Extracted material.
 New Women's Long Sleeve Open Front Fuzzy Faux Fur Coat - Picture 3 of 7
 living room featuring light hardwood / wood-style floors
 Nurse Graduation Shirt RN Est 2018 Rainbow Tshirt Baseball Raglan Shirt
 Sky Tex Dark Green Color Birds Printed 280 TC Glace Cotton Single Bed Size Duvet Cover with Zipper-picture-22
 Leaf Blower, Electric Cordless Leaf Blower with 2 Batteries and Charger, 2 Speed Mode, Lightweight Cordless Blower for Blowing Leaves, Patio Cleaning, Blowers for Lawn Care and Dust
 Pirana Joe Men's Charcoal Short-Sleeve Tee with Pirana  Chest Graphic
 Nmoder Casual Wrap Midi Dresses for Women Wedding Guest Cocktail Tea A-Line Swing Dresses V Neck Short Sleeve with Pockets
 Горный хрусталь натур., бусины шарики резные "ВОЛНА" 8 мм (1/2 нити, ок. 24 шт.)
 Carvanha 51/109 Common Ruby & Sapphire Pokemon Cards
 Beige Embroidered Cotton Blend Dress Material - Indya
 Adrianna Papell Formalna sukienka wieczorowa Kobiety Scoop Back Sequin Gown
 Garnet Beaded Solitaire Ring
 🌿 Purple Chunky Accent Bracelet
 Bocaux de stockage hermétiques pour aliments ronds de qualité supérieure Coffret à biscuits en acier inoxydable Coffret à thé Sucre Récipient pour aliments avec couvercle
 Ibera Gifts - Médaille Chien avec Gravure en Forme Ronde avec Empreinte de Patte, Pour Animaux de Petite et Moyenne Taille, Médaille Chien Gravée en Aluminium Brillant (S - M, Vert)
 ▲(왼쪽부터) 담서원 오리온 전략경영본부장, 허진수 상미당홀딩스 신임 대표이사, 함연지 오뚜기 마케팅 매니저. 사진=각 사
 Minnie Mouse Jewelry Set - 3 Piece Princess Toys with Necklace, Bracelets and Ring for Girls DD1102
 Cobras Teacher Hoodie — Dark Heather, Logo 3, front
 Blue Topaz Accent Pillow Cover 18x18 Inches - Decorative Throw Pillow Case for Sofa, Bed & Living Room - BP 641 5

Exercise objective.
Could you restate every entry above word for word?

Your solution.
 New Women's Long Sleeve Open Front Fuzzy Faux Fur Coat - Picture 3 of 7
 living room featuring light hardwood / wood-style floors
 Nurse Graduation Shirt RN Est 2018 Rainbow Tshirt Baseball Raglan Shirt
 Sky Tex Dark Green Color Birds Printed 280 TC Glace Cotton Single Bed Size Duvet Cover with Zipper-picture-22
 Leaf Blower, Electric Cordless Leaf Blower with 2 Batteries and Charger, 2 Speed Mode, Lightweight Cordless Blower for Blowing Leaves, Patio Cleaning, Blowers for Lawn Care and Dust
 Pirana Joe Men's Charcoal Short-Sleeve Tee with Pirana  Chest Graphic
 Nmoder Casual Wrap Midi Dresses for Women Wedding Guest Cocktail Tea A-Line Swing Dresses V Neck Short Sleeve with Pockets
 Горный хрусталь натур., бусины шарики резные "ВОЛНА" 8 мм (1/2 нити, ок. 24 шт.)
 Carvanha 51/109 Common Ruby & Sapphire Pokemon Cards
 Beige Embroidered Cotton Blend Dress Material - Indya
 Adrianna Papell Formalna sukienka wieczorowa Kobiety Scoop Back Sequin Gown
 Garnet Beaded Solitaire Ring
 🌿 Purple Chunky Accent Bracelet
 Bocaux de stockage hermétiques pour aliments ronds de qualité supérieure Coffret à biscuits en acier inoxydable Coffret à thé Sucre Récipient pour aliments avec couvercle
 Ibera Gifts - Médaille Chien avec Gravure en Forme Ronde avec Empreinte de Patte, Pour Animaux de Petite et Moyenne Taille, Médaille Chien Gravée en Aluminium Brillant (S - M, Vert)
 ▲(왼쪽부터) 담서원 오리온 전략경영본부장, 허진수 상미당홀딩스 신임 대표이사, 함연지 오뚜기 마케팅 매니저. 사진=각 사
 Minnie Mouse Jewelry Set - 3 Piece Princess Toys with Necklace, Bracelets and Ring for Girls DD1102
 Cobras Teacher Hoodie — Dark Heather, Logo 3, front
 Blue Topaz Accent Pillow Cover 18x18 Inches - Decorative Throw Pillow Case for Sofa, Bed & Living Room - BP 641 5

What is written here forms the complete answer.